Rounds each element of the input tensor to the nearest integer.

Args:

ctx: Context object (not used in this function). x (torch.Tensor): Input tensor to be rounded.

Returns:

torch.Tensor: Tensor with each element rounded to the nearest integer.

shok.utils.functions.scale_grad module

class shok.utils.functions.scale_grad.ScaleGrad(*args, **kwargs)[source]

Bases: Function

A custom autograd function that scales gradients during the backward pass.

The forward pass returns the input unchanged. During the backward pass, the gradient is normalized by dividing it by its maximum absolute value, unless the maximum is zero, in which case the gradient is returned unchanged.

Methods:
forward(ctx, input):

Returns the input tensor as-is.

backward(ctx, grad_output):

Normalizes the gradient by dividing by its maximum absolute value if greater than zero; otherwise, returns the gradient unchanged.

Usage:

Use ScaleGrad.apply(input) to apply the custom gradient scaling in your computation graph.

static backward(ctx, grad_output)[source]
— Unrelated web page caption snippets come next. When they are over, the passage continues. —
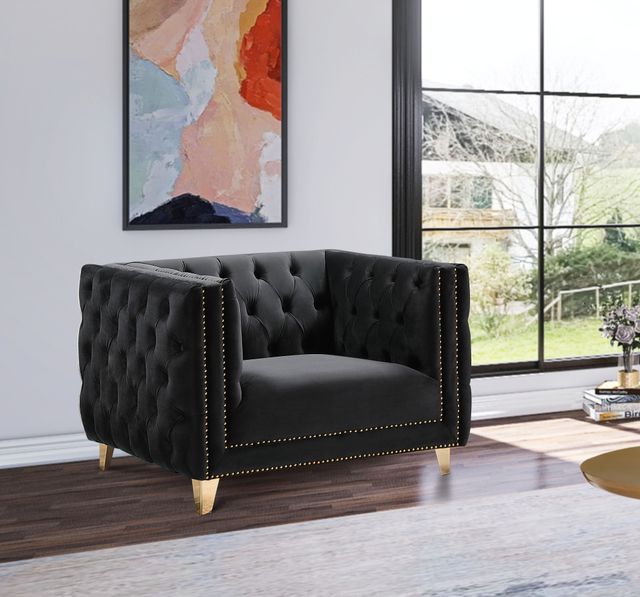 Meridian Furniture Michelle Black Velvet Chair-1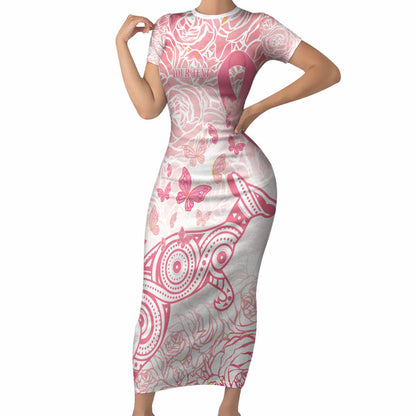 Australia Personalized Short Sleeve Bodycon Dress Breast Cancer Pink Ribbon - Marble Roses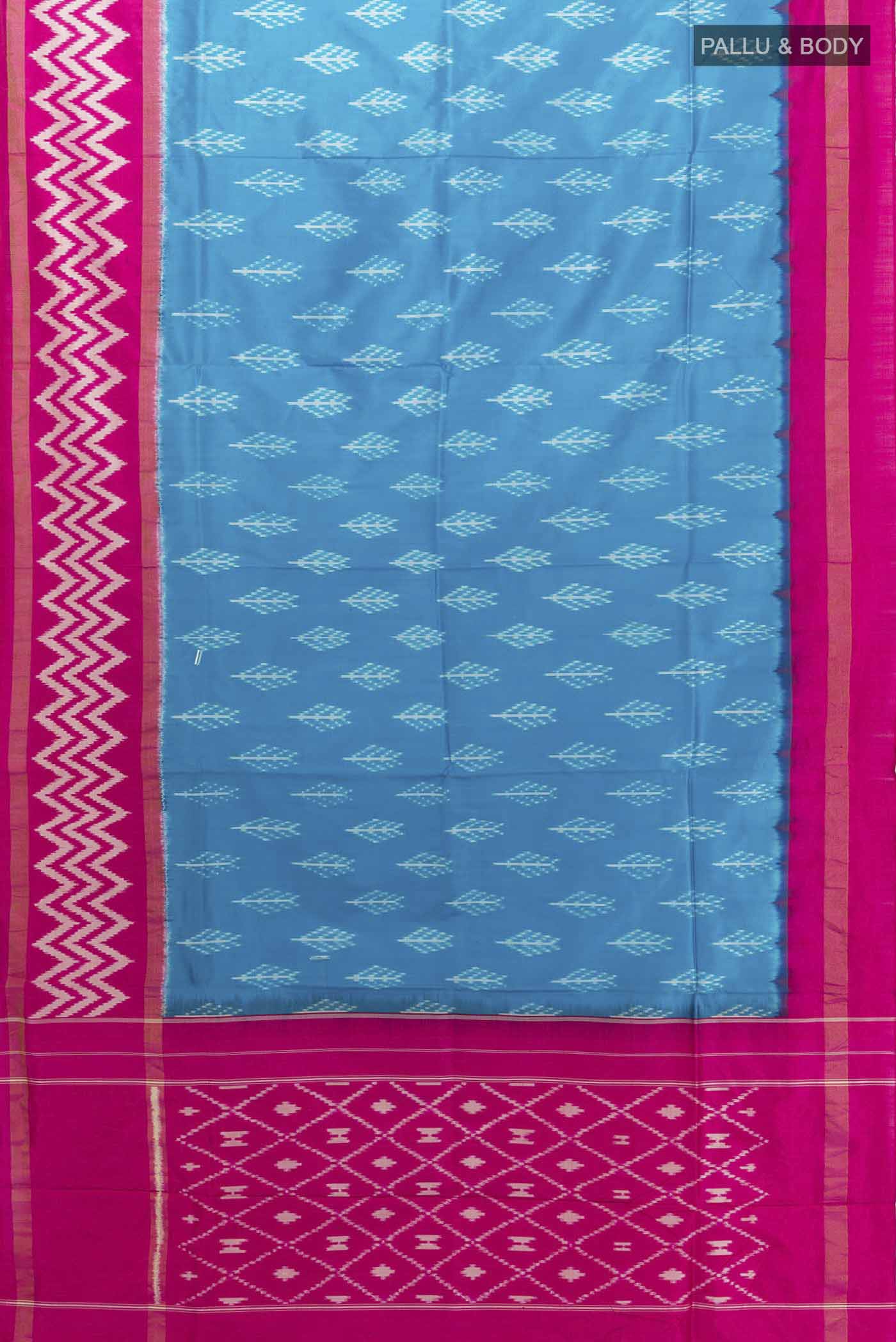 Light Blue Pochampally Silk Saree - Image 5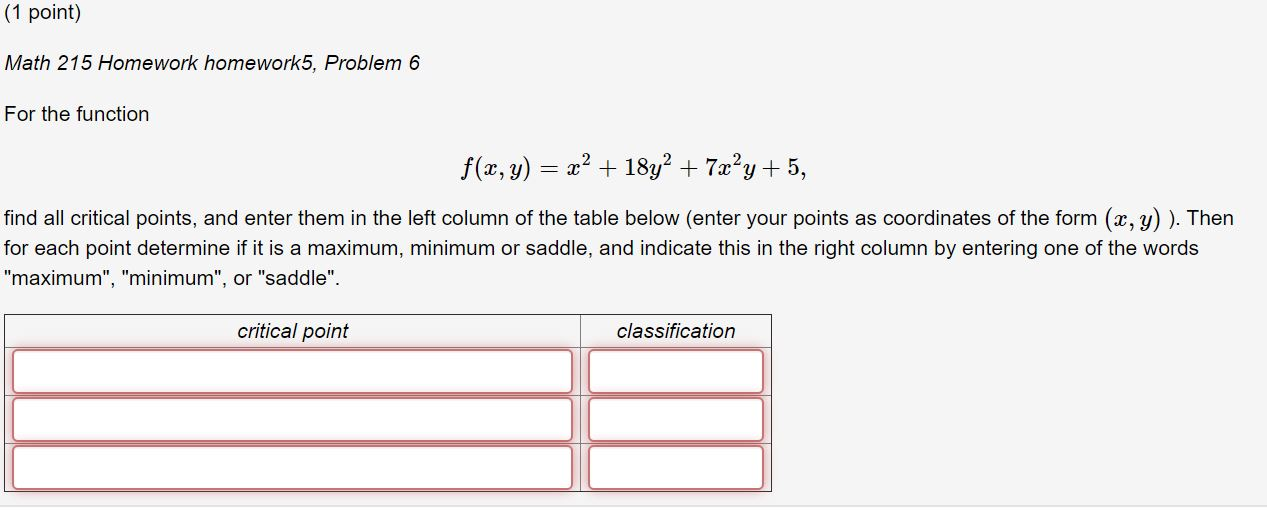 Solved (1 point) Math 215 Homework homework5, Problem 6 For | Chegg.com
Computes the normalized gradient for the backward pass.

Args:

ctx: Context object containing information for the backward computation (unused). grad_output (Tensor): The gradient output tensor from the subsequent layer.

Returns:

Tensor: The normalized gradient tensor, divided by the maximum absolute value of grad_output if it is greater than zero; otherwise, returns grad_output unchanged.

static forward(ctx, input)[source]

Performs a forward pass by returning the input as-is.

Args:

ctx: Context object (typically used in autograd functions, but unused here). input: The input data to be returned.

Returns:

The input data unchanged.

shok.utils.functions.soft_round module

class shok.utils.functions.soft_round.SoftRound(*args, **kwargs)[source]

Bases: Function

A custom autograd function that performs a “soft” rounding operation on a tensor.

This function rounds the input tensor to the nearest integer in the forward pass. During the backward pass, it computes gradients using a ratio between the input and the rounded value, which helps to maintain meaningful gradients and avoid division by zero.

Forward Pass:
  • Rounds the input tensor using torch.round.

  • Saves a delta ratio for gradient computation if gradients are required.

Backward Pass:
  • Uses the saved delta ratio to scale the incoming gradient, allowing gradients to flow through the rounding operation.

Note:
  • The gradient computation is an approximation and differs from the original paper, but aims to provide stable gradients.

x (torch.Tensor): Input tensor to be rounded.

torch.Tensor: Rounded tensor (forward), gradient tensor (backward).

static backward(ctx, grad_output: Tensor) Tensor[source]

Computes the gradient of the output with respect to the input using the saved delta ratio.

Args:

ctx: The context object containing saved tensors from the forward pass. grad_output (torch.Tensor): The gradient of the loss with respect to the output.

Returns:

torch.Tensor: The gradient of the loss with respect to the input.

static forward(ctx, x: Tensor) Tensor[source]

Forward pass of the soft rounding operation.

Performs a forward pass that rounds the input tensor x element-wise without tracking gradients. If gradients are required, computes a delta ratio to approximate gradient flow for non-differentiable rounding.

Args:

ctx: Context object used to save information for backward computation. x (torch.Tensor): Input tensor to be rounded.

Returns:

torch.Tensor: Tensor with each element rounded to the nearest integer.

Notes:
  • If x.requires_grad is True, saves a delta ratio for use in the backward pass.

  • The delta ratio is calculated as x / rounded where rounded != 0, otherwise set to zero.

  • If both x and rounded are zero, the delta ratio is set to one.

  • This gradient approximation is not identical to the original paper, but serves as a practical alternative.